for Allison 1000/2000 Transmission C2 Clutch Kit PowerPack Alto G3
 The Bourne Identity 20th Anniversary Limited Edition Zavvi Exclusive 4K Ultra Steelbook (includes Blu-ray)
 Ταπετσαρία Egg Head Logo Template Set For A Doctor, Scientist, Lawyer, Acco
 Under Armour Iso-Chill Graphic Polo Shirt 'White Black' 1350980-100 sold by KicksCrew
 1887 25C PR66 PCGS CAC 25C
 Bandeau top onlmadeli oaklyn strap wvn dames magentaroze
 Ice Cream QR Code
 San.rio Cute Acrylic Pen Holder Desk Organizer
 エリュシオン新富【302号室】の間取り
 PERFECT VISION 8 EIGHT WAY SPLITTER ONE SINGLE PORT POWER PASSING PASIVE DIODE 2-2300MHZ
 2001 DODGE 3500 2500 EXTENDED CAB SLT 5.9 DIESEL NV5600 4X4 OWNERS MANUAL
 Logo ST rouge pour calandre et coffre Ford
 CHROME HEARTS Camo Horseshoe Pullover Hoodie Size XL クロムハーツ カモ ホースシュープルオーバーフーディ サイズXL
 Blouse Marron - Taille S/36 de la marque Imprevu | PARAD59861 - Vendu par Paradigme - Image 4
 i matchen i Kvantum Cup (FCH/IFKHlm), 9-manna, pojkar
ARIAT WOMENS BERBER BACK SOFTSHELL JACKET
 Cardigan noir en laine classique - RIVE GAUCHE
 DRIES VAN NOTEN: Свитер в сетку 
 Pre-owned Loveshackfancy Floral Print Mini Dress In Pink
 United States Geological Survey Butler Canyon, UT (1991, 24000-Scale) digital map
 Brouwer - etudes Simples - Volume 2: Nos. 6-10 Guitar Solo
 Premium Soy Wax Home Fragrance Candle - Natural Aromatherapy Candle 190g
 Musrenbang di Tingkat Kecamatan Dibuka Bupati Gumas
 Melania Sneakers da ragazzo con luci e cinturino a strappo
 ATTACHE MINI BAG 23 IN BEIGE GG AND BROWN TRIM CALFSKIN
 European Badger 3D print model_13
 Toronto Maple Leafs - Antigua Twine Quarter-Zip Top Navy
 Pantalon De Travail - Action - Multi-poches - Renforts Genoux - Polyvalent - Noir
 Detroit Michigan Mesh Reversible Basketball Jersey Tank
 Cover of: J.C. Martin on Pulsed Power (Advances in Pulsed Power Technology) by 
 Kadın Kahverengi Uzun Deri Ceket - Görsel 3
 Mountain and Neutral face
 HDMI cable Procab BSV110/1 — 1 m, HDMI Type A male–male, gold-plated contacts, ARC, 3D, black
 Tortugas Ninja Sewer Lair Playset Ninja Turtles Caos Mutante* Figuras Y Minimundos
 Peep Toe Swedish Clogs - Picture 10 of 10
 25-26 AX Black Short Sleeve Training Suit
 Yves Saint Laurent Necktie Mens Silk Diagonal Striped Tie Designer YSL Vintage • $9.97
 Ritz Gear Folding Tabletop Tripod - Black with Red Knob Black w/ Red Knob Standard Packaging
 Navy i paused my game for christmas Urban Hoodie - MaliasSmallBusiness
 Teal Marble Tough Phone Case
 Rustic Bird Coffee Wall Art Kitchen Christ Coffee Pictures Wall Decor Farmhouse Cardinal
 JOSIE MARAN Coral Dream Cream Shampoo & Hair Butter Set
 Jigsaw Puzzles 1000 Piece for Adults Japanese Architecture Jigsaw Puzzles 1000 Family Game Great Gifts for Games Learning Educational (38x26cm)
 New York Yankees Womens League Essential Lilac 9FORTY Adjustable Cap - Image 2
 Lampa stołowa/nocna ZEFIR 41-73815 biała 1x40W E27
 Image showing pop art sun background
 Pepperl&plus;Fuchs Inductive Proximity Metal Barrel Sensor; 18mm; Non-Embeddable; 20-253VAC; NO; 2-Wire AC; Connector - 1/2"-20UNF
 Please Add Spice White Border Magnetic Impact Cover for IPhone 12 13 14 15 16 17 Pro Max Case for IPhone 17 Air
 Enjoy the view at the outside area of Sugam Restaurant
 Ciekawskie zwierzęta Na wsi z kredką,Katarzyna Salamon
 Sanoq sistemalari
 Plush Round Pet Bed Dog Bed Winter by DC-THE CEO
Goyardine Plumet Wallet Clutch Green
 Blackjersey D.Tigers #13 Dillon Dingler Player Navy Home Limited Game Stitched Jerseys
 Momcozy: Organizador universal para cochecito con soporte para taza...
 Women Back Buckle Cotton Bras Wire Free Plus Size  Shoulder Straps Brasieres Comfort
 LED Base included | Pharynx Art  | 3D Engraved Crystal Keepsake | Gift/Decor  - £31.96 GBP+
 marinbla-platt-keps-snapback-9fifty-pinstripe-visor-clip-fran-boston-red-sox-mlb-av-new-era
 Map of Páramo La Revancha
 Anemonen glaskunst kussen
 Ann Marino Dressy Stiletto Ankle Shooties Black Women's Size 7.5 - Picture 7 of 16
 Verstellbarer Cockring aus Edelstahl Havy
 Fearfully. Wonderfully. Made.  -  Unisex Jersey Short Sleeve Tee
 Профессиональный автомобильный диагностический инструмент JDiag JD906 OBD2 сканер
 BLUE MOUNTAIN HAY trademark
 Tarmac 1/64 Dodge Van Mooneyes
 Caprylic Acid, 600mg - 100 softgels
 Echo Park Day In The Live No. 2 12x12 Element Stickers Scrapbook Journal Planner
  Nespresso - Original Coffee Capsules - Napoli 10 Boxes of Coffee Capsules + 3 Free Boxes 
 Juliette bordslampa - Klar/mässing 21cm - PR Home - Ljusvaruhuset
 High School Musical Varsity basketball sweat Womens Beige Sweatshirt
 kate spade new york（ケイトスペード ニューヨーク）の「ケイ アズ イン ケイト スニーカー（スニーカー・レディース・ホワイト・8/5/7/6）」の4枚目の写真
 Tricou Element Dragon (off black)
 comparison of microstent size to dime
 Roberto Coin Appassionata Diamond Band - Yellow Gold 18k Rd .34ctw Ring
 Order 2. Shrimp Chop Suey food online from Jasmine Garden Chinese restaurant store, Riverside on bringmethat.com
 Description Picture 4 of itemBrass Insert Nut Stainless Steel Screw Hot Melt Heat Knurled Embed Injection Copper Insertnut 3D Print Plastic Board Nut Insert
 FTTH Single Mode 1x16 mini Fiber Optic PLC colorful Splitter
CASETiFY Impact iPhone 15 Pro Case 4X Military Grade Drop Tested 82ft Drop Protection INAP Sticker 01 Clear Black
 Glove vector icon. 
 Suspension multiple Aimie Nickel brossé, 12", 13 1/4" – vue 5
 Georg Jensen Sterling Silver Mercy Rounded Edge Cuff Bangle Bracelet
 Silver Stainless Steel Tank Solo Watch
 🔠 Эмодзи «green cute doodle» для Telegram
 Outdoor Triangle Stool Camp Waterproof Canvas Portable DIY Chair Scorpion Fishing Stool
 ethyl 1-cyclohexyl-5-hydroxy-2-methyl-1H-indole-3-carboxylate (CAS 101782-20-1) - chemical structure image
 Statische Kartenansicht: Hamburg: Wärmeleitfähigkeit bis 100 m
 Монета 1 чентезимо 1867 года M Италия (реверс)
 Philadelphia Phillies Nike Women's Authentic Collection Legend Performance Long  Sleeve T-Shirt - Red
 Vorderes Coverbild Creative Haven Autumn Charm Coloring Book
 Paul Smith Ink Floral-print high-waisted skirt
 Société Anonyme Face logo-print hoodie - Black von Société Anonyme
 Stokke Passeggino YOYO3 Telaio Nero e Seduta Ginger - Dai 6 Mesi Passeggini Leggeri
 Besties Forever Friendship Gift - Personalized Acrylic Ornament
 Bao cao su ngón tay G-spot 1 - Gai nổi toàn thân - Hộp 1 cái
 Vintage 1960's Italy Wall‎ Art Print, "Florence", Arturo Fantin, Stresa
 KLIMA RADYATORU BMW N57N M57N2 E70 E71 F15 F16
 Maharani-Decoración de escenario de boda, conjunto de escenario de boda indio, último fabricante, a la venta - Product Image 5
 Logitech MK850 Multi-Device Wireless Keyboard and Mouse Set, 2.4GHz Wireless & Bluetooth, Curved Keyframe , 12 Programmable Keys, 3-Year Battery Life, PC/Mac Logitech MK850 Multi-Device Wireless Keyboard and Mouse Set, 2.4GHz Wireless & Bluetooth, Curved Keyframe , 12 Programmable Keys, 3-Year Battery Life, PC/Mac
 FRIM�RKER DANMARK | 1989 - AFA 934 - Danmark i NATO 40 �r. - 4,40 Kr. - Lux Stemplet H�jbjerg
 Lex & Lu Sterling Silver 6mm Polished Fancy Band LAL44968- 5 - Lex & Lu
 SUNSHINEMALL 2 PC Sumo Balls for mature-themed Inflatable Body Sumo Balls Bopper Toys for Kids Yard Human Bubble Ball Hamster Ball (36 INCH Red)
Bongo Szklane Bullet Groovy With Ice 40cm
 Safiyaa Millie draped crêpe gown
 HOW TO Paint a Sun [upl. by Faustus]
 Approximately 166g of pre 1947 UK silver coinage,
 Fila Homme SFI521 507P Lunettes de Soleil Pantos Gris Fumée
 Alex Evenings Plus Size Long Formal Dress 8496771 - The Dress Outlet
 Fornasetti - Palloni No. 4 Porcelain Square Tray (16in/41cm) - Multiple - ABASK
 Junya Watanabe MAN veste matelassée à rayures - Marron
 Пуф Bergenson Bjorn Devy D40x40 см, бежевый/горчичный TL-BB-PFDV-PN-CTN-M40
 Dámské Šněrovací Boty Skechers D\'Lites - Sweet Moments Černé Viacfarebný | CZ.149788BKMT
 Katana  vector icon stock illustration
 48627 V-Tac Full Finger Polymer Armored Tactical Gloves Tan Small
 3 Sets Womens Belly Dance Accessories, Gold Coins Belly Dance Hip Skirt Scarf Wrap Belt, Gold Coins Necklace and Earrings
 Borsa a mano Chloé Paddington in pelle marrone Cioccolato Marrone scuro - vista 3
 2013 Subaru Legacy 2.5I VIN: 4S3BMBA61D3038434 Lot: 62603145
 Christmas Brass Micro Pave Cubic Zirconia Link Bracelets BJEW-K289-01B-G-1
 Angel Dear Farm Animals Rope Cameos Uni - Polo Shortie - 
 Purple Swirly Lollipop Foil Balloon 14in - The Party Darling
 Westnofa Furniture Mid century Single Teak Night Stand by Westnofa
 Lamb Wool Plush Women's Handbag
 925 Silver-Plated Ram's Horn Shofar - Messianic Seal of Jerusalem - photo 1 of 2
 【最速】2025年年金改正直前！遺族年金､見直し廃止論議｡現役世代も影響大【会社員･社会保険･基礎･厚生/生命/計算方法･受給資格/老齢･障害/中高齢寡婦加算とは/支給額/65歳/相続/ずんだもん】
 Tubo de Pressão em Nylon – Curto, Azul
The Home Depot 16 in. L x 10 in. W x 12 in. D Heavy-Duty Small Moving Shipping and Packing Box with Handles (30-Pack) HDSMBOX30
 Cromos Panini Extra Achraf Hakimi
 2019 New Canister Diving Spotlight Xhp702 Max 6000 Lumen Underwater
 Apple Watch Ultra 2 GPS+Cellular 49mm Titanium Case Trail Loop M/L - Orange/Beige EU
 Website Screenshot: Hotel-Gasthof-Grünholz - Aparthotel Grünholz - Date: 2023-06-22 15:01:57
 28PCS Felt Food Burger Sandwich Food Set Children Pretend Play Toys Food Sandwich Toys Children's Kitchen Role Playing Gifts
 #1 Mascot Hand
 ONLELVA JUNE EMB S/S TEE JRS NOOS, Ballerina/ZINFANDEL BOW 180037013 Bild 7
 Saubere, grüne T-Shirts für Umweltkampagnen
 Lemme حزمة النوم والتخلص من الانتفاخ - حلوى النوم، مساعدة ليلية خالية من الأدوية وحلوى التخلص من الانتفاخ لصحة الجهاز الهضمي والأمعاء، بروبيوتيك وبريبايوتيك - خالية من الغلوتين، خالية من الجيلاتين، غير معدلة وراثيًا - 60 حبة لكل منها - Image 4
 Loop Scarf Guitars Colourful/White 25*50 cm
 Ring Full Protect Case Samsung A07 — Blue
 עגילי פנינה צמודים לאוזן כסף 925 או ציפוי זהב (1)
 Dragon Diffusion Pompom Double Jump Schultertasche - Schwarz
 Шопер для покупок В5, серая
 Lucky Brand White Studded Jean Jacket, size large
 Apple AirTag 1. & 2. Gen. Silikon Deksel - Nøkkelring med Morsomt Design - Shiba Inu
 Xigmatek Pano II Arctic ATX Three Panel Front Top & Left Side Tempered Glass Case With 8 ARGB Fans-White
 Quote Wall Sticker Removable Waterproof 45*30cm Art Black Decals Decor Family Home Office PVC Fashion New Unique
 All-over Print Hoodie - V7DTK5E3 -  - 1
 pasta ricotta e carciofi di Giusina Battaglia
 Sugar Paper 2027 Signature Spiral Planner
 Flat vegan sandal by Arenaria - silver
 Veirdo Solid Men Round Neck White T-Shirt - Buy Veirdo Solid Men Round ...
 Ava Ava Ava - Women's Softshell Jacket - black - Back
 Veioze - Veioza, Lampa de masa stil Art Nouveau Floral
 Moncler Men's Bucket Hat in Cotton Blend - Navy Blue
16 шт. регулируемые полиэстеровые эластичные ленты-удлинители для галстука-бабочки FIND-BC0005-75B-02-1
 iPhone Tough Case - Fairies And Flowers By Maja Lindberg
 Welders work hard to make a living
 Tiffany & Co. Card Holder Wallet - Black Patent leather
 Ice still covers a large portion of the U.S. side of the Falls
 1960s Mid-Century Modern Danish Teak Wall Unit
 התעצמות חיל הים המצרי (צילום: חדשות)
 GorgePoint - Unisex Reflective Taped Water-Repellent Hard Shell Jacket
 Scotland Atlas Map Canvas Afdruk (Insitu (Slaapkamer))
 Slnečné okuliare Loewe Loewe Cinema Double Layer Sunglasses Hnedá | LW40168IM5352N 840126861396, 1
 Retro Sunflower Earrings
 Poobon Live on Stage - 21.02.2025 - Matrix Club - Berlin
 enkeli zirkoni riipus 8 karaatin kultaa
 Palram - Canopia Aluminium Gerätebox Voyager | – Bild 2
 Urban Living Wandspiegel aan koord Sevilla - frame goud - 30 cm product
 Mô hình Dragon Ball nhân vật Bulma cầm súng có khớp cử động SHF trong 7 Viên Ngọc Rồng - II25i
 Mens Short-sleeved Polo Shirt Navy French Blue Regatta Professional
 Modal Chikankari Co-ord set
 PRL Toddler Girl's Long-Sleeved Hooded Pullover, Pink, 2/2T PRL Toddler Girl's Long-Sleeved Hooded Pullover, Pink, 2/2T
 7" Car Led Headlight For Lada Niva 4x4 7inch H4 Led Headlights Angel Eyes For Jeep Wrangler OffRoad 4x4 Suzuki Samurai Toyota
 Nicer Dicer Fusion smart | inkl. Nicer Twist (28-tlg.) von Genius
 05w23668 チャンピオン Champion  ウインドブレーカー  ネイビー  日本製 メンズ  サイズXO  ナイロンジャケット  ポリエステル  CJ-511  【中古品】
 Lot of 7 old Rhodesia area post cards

═══

**WHAT TO PRODUCE:** Write out, word for word, the line containing "Ice still covers" and all the lines after it in the entries above, and nothing more.

**OUTPUT OF THE EXERCISE:**
 Ice still covers a large portion of the U.S. side of the Falls
 1960s Mid-Century Modern Danish Teak Wall Unit
 התעצמות חיל הים המצרי (צילום: חדשות)
 GorgePoint - Unisex Reflective Taped Water-Repellent Hard Shell Jacket
 Scotland Atlas Map Canvas Afdruk (Insitu (Slaapkamer))
 Slnečné okuliare Loewe Loewe Cinema Double Layer Sunglasses Hnedá | LW40168IM5352N 840126861396, 1
 Retro Sunflower Earrings
 Poobon Live on Stage - 21.02.2025 - Matrix Club - Berlin
 enkeli zirkoni riipus 8 karaatin kultaa
 Palram - Canopia Aluminium Gerätebox Voyager | – Bild 2
 Urban Living Wandspiegel aan koord Sevilla - frame goud - 30 cm product
 Mô hình Dragon Ball nhân vật Bulma cầm súng có khớp cử động SHF trong 7 Viên Ngọc Rồng - II25i
 Mens Short-sleeved Polo Shirt Navy French Blue Regatta Professional
 Modal Chikankari Co-ord set
 PRL Toddler Girl's Long-Sleeved Hooded Pullover, Pink, 2/2T PRL Toddler Girl's Long-Sleeved Hooded Pullover, Pink, 2/2T
 7" Car Led Headlight For Lada Niva 4x4 7inch H4 Led Headlights Angel Eyes For Jeep Wrangler OffRoad 4x4 Suzuki Samurai Toyota
 Nicer Dicer Fusion smart | inkl. Nicer Twist (28-tlg.) von Genius
 05w23668 チャンピオン Champion  ウインドブレーカー  ネイビー  日本製 メンズ  サイズXO  ナイロンジャケット  ポリエステル  CJ-511  【中古品】
 Lot of 7 old Rhodesia area post cards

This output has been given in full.